Florence Nightingale: A Leading Anti-Racist

by Lynn McDonald, for the Nightingale Society

When racist views were socially acceptable, Nightingale was an exception. Her own family was liberal and progressive. Her grandfather was a radical MP who supported the right to vote for Jews, Roman Catholics and “dissenters” (Protestants not in the Church of England). He worked with William Wilberforce for the abolition of slavery.

Nightingale had the opportunity, on her travels, to see slavery in action, which reinforced those liberal, anti-racist values. On her Egyptian travels, she witnessed a slave market where Nubians, captured as girls, were sold (letter 24 November [1849], in Vallée, Mysticism and Eastern Religions, 157).

After the Crimean War, one of Nightingale’s earliest research projects was on mortality and illness in “colonial schools and hospitals,” meaning for Indigenous people in the Australian colonies, Ceylon (Sri Lanka), southern Africa and (pre-Confederation) Canada. Although the data were shoddy, there was enough to show that the rates of death and disease were twice what they should be (Sanitary Statistics of Native Colonial Schools and Hospitals, in McDonald, Florence Nightingale on Public Health Care, 168-83). She made her point succinctly: “By far the greater part of the mortality is the direct result of mitigable or preventable disease.”

Australia. Nightingale carried on the research to papers on the disappearance of Indigenous people both for Australia and New Zealand (“Note on the New Zealand Depopulation Question,” McDonald, Florence Nightingale on Public Health Care, 183-85). She succeeded in getting Australian public opinion interested – newspapers gave her papers good coverage – but this did not lead to any action.

Canada. Sexual and physical abuse in residential schools has only recently been recognized as a terrible legacy from the past. Nightingale’s work was not on those aspects of abuse, but simply disease and death. She was the first person to make public the high rates of disease and death in residential and day schools in Canada.

Unfortunately, Nightingale was unsuccessful in getting the Colonial Office to continue to collect data, let alone make necessary improvements. She turned to working on India, where she was able to have more (albeit limited) impact.

India. On her many years of research and publication on India, Nightingale supported the work of leading Indian national social and public health experts and organizations. She published in their journals. She met with and encouraged their officials.

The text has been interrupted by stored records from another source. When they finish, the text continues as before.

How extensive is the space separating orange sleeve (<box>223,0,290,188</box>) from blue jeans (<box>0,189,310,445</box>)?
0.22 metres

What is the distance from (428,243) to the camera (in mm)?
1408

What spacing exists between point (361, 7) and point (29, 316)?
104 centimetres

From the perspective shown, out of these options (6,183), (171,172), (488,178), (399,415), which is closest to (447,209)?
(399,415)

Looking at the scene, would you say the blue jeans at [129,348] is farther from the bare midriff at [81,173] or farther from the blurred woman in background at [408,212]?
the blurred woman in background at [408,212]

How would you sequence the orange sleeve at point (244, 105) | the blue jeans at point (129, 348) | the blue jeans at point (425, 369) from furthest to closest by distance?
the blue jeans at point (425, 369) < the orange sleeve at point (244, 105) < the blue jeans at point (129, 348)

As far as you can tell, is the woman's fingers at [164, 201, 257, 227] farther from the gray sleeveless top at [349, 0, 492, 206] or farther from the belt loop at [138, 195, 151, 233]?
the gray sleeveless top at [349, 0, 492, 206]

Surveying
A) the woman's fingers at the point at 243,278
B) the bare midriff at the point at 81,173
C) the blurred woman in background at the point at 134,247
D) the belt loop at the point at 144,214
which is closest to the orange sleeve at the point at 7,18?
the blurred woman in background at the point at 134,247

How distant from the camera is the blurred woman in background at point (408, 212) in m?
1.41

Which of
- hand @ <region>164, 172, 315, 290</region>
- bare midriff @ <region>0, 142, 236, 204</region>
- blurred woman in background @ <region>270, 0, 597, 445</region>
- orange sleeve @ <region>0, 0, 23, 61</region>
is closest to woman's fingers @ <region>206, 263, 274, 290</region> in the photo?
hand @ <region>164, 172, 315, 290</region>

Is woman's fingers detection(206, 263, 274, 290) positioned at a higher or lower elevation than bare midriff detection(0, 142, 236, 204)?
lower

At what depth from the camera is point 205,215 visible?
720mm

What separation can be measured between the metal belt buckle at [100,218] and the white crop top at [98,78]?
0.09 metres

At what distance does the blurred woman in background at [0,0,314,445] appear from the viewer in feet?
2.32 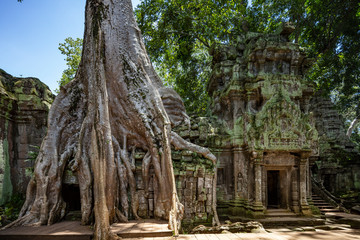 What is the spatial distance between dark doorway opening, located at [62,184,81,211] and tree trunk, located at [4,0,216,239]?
0.35m

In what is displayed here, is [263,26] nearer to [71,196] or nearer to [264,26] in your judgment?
[264,26]

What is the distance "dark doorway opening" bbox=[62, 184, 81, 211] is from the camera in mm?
4473

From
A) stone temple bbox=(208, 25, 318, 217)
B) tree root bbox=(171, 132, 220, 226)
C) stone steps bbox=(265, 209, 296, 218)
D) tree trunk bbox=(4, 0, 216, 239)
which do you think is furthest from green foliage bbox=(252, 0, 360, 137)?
tree trunk bbox=(4, 0, 216, 239)

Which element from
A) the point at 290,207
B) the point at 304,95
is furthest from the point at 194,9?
the point at 290,207

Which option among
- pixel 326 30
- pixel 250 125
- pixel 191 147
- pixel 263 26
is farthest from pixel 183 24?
pixel 191 147

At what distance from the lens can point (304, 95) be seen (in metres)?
8.89

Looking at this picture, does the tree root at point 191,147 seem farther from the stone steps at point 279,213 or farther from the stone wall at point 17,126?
the stone wall at point 17,126

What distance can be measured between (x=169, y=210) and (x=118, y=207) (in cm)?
91

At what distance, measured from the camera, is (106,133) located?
390 cm

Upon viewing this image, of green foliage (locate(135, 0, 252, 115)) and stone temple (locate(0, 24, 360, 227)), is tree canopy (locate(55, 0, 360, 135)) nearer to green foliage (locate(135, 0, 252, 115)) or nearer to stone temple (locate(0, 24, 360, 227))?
green foliage (locate(135, 0, 252, 115))

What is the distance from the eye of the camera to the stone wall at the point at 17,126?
5.48 m

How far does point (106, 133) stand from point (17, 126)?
3644 millimetres

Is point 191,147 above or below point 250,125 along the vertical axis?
below

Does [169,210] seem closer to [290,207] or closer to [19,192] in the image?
[19,192] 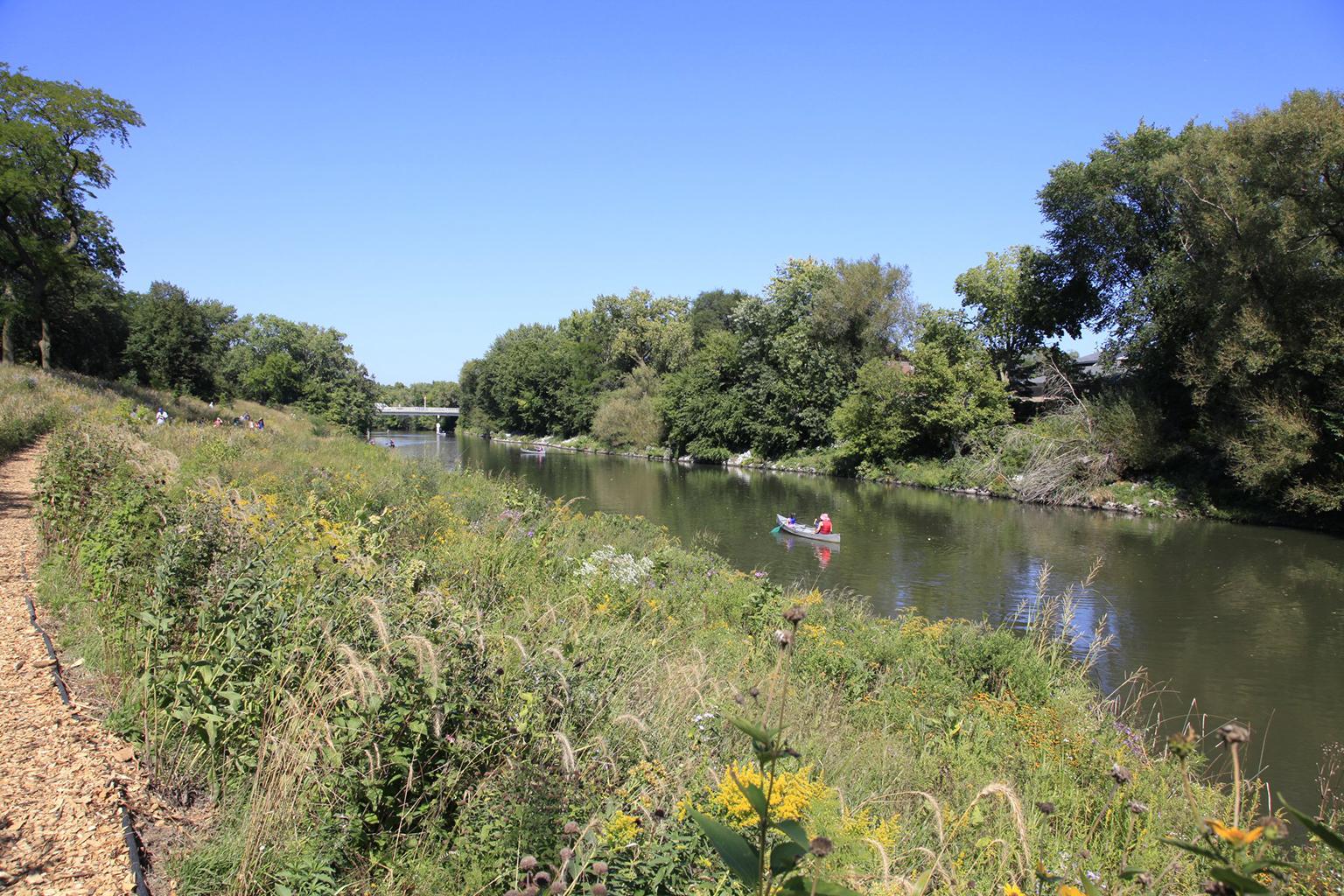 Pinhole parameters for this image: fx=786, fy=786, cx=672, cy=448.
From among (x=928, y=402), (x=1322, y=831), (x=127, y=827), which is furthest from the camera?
(x=928, y=402)

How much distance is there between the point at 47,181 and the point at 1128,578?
35.0 m

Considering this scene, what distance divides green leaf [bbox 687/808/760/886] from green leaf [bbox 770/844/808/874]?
34mm

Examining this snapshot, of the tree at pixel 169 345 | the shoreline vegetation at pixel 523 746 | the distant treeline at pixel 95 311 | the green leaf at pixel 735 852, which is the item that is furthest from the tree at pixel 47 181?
the green leaf at pixel 735 852

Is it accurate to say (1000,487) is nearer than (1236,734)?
No

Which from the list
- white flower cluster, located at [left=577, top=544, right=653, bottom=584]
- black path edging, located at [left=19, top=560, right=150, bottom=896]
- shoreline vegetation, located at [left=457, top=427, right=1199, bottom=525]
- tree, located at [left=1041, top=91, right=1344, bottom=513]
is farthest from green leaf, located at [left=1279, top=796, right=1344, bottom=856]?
shoreline vegetation, located at [left=457, top=427, right=1199, bottom=525]

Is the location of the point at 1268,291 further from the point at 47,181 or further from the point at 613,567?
the point at 47,181

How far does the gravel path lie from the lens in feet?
10.3

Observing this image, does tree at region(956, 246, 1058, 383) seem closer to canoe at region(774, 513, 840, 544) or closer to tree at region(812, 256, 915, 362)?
tree at region(812, 256, 915, 362)

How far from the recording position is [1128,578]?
19094mm

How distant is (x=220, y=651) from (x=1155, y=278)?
38.8 metres

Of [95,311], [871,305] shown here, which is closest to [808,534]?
[871,305]

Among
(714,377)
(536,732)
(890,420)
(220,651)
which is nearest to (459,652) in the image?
(536,732)

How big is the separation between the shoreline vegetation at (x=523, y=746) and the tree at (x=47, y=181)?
24948 mm

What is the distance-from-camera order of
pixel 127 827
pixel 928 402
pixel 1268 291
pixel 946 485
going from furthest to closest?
pixel 928 402 < pixel 946 485 < pixel 1268 291 < pixel 127 827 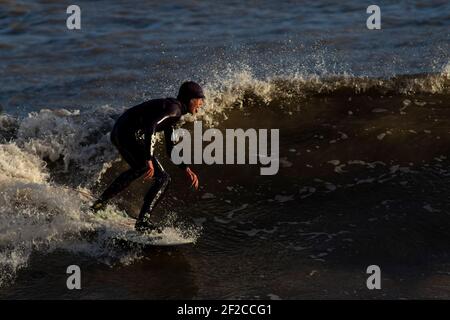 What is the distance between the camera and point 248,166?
9.23 meters

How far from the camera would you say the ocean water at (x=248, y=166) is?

She wrote a campaign letter for the first Asian to be elected to Parliament (in Finsbury), Dadabhai Naoroji. W.E. Gladstone, the Liberal leader, also wrote a campaign letter for him, but hers was stronger. Naoroji was the founder of the East India Association, the precursor to the Indian National Congress, that (eventually) won independence for India. Nightingale had a major paper read at one of its meetings (reproduced in McDonald, Florence Nightingale on Politics, 364-5). When Gandhi came to England, he carried with him a letter of introduction to Naoroji, and Gandhi had a high opinion of Nightingale.

Her worldwide inspiration. Nightingale encouraged women in other countries in the pursuit of their goals, in numerous fields.

A fine example in medicine is Rukhmabai, the Indian woman who opposed child marriage and enforced widowhood. In law, there is Cornelia Sorabji, the first woman graduate from Bombay University and the first to practise law in India and the U.K.

The superb Nigerian nursing leader, Kofoworola Abeni Pratt, chose to pursue nursing at the Nightingale School precisely because of her admiration of Nightingale. Mrs Pratt became the first black nurse in the National Health Service, when it was launched in 1948. She later led in the establishment of Nigerian nursing, nurse training in Nigeria and its incorporation into the university system, which in turn encouraged nursing developments elsewhere in Africa. Pratt was named the first chief nursing officer of Nigeria, the first commissioner of health for Lagos, and served on the International Council of Nurses and UN committees.